Today we engage with social media platforms on our pocket computer devices; will we someday be doing it via chips implanted into our brains, with a thought and a flick of the eye instead of a swipe of a finger? I’m going to say no, no we will not. But I guess it’s not impossible. Just not going to happen in our lifetimes, if ever. And if something like that did become available in our lifetimes, I would have to say nope, no thank you. I do not want a chip in my brain.

I do think it’s interesting how cyberpunk dystopias in the Blade Runner style – where edgy, marginalized protagonists use their cybernetic implants for leverage in high stakes, high risk adventure stories – have evolved into a style more like Minority Report, where boring dystopia participants meander through garish commercial hellscapes, desperate to find meaning in their existence. The awesome short video Hyper-Reality, reminiscent of a Black Mirror episode, captures this milieu perfectly:

This isn’t the dystopia I signed up for.

I see this new kind of cyber-setting as a reflection of the overall shift in the zeitgeist – away from the free-wheeling times of my Gen X youth and toward the Millennial era, with its emphasis on group participation and consensus-seeking networks. It’s a friendlier, if more banal, kind of cyberspace. The stories are no longer the picaresque adventures of original cyberpunk, but instead Kafkaesque social commentaries, where the individual is stripped of all agency, and the audience is invited to gaze in horror at the bland nightmare that modern society has become.
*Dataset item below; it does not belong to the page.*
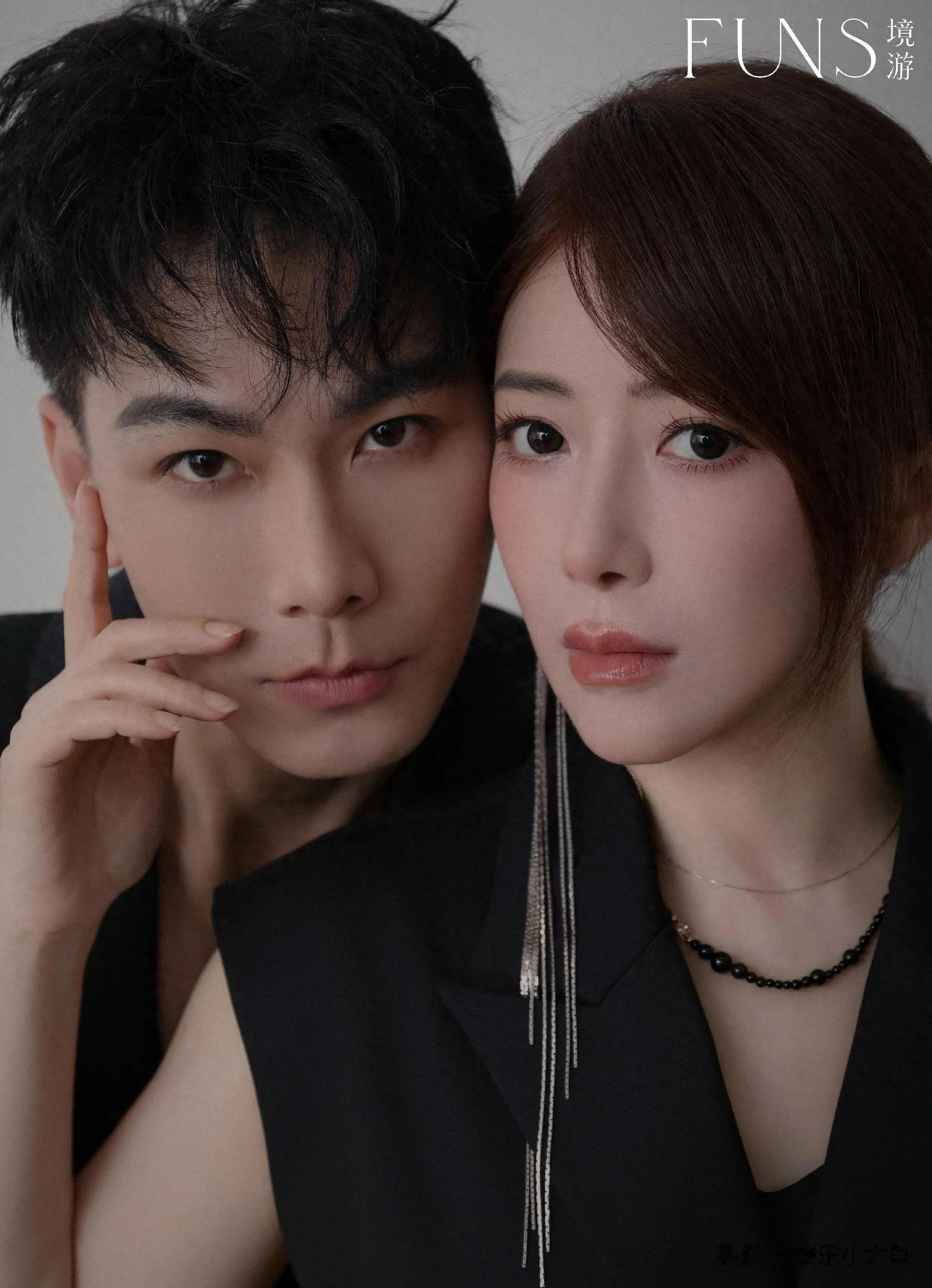 陈紫函戴向宇七夕大片，郎才女貌姐弟恋好甜蜜！结婚多年恩爱如初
The setting of Cyberpunk: Edgerunners could be seen as a holdover from the early days of cyberpunk, a place where some kind of individual achievement is still possible, like the video game worlds that are increasingly the domain of older generations. If only in our imaginations, technology can make us better. But even this anime has a warning about technological hubris, about which I won’t elaborate lest I spoil the show. I’ll just make this statement, though it is a cliché: if we rely too much on technology to enhance our capabilities, we risk losing touch with our true selves.